内野と外野

 もろもろ。弁当。
 
 光市母子殺害事件に関連して、人気弁護士が弁護士法を盾に懲罰請求を煽ったとかで問題になっているらしい。確かにあの弁護団が法廷戦略に加えた急激な面舵一杯には、不自然な印象を受ける。弁護士が元少年に入れ知恵して、方針転換が行われたという推測もあながち的外れなものではないのかもしれない。しかし、懲罰請求の可否や裏づけをしっかりとらなかった結果、問われる責任の軽重、あるいは被告弁護団側からの提訴の行方というような騒動そのものに、私は全く関心がない。

 私が疑問に思うのは、どうしてあの弁護士はあんなに法を絶対的に信頼しているのだろう、ということ*1。多分、例の人気弁護士は、遺族の感情を慮って法に訴えたのだろう(正確には視聴者を扇動した)。
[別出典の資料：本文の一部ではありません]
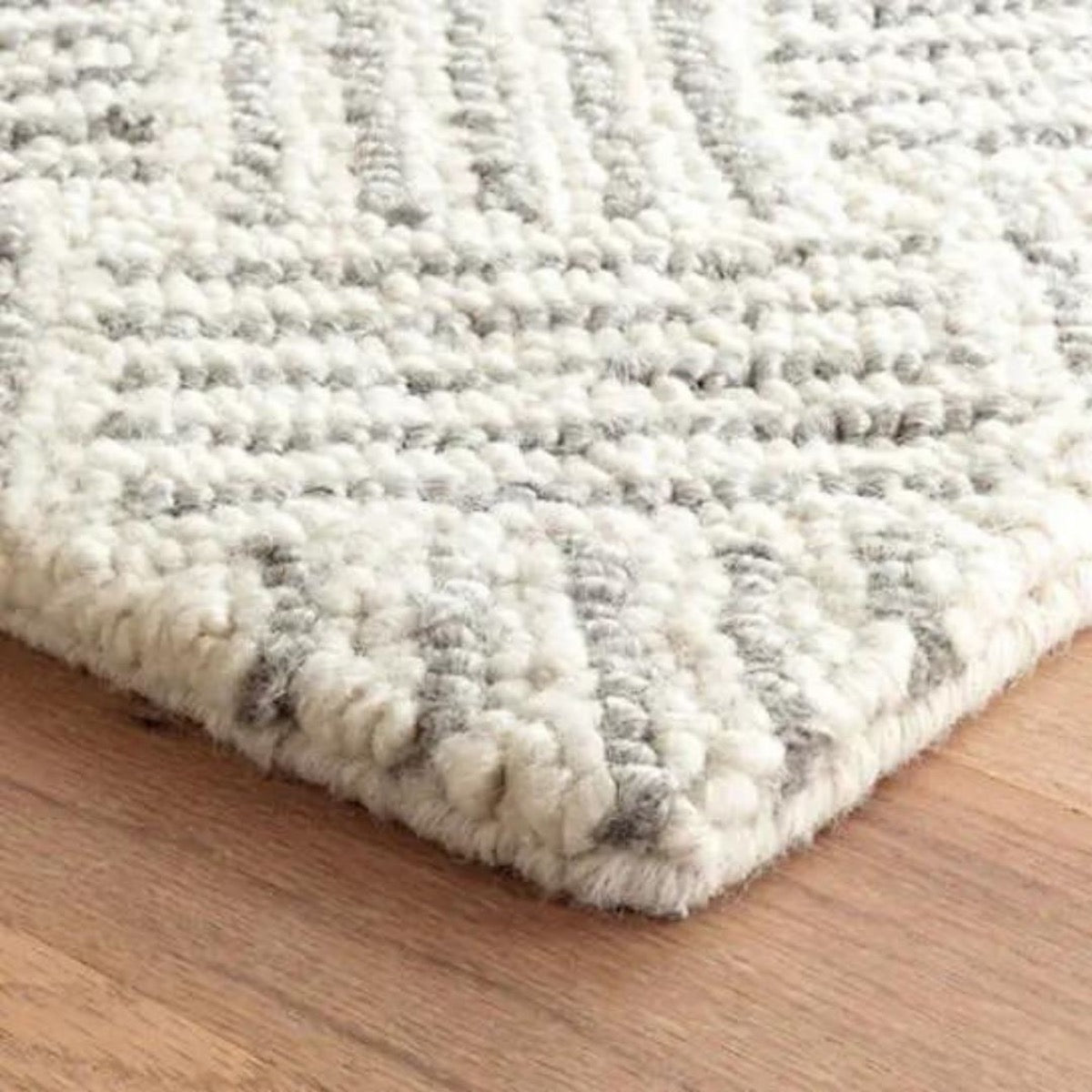Layers Hooked Wool Rug corner detail. Close-up detail view. 
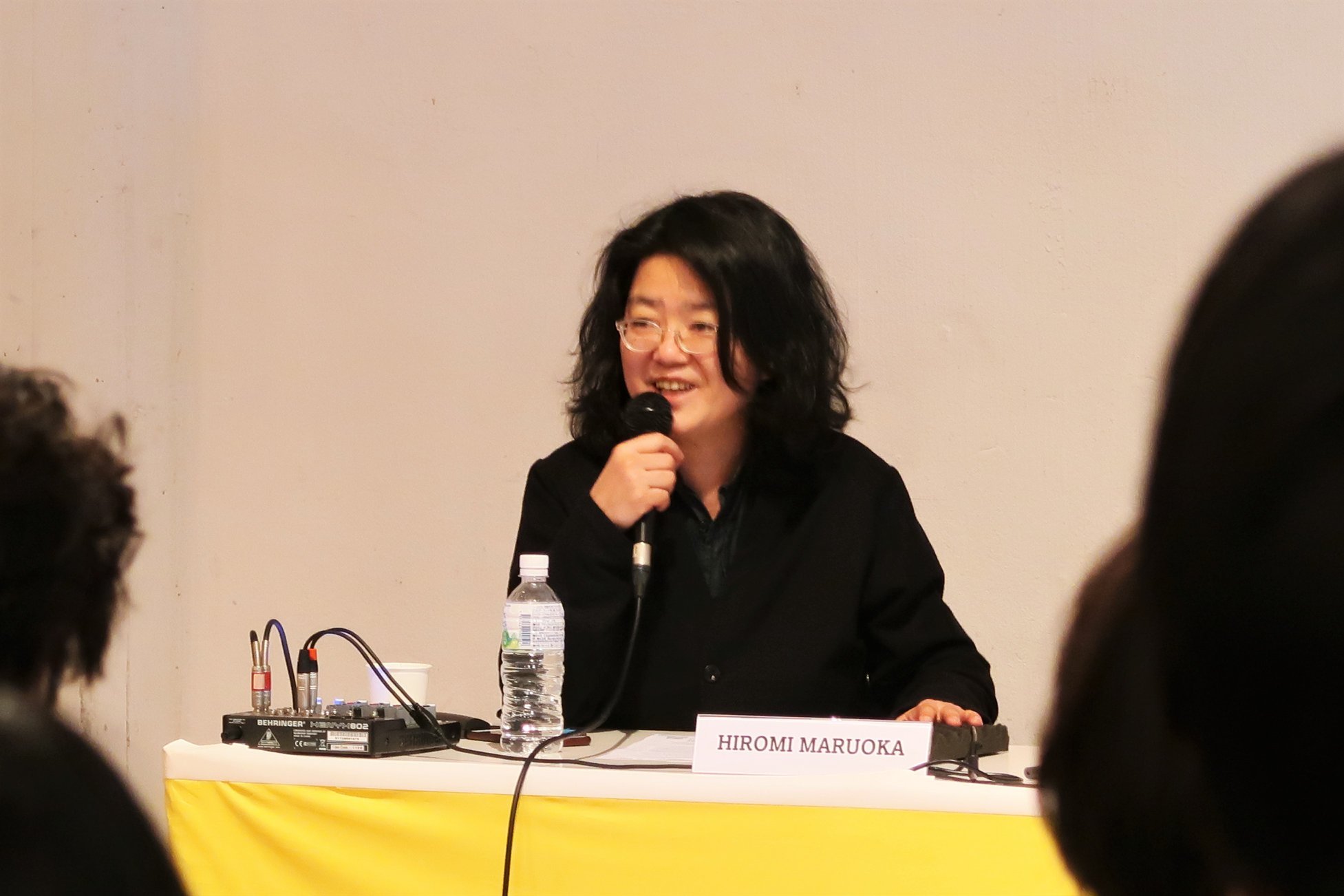 A female-presenting person smiling as she speaks into a microphone.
けれど、テレビに多数出演し、発言力のある弁護士だけに、他にも方法はいくらでもあったように思う。損なわれた遺族の感情を満たす方法は、法に訴えるだけではないはずだ。
 遺族が、しかるべき法的裁きが被告に下るよう、全身全霊を傾けているのは理解する。しかし、周りの人間が遺族と同じように、法ばかりに意識を集中させ、被告が合法的に死刑になる以外の選択肢はないと信じ込まなければならないような状況を作り出そうとするはいかがなものか*2。そのような状況は、遺族を法の中に追い詰めることになる。法の場で望ましい結果が得られなかったら、遺族には徒労感以外の何も残らなくなる。
 何もせずとも法の裁きは下る。無期懲役なのか、死刑なのか、あるいは他の判決が下るのかはわからない。その結果を受けて、遺族の心に開いた穴が何かで満たされるのか、どうかもわからない。「外野」の人間ができることは、裁判の経過や結果がどのようなものであろうと、法の外側から支援することぐらいなのではないか。法に対して法で介入するような越権行為は、法が全てを解決してくれる、というような過剰な法の特権化を煽り、遺族を「法的解決が全て」という幻想へと追い込む結果につながる。
 「外野」は、法の外部に立つのがよいのではないか。司法の場でどんな結果が下ろうと、法廷闘争の過程や事件の痛ましさを共有し、遺族感情を受け止める場として、「外野」は法の外に留まるのがよいのではないか。「外野」に飛んでくる打球は、ポップフライなのか、大飛球なのか、強烈なライナーなのかわからないが、「外野」が「内野」の守備範囲にまで干渉すると、「外野」に飛んできたボールはフィールドをゆくあてもなく転々と転がることになるのではないか、とささやかながら憂慮する。「外野」は定位置につくのが基本だと思う。

*1:その弁護士も出演する有名な番組は、法(解釈)の絶対性を否定する番組だと、私は思っていた。でも、出演している当人は、 法の専門家としての権力行使に酔いしれているということか。いずれにしても、あの番組で面白いのは弁護士なんかではなくて、司会者のフリートークだけだとは思うけど。弁護士番組だったら、上沼恵美子がいつも吼えまくっている仁鶴師匠の番組の方がはるかによい。

*2:現実には、弁護士を批判する人の方が多いわけだし、それに遺族も今のところ反応していないわけなので、弁護士の一人相撲といったところか。健全だと思う。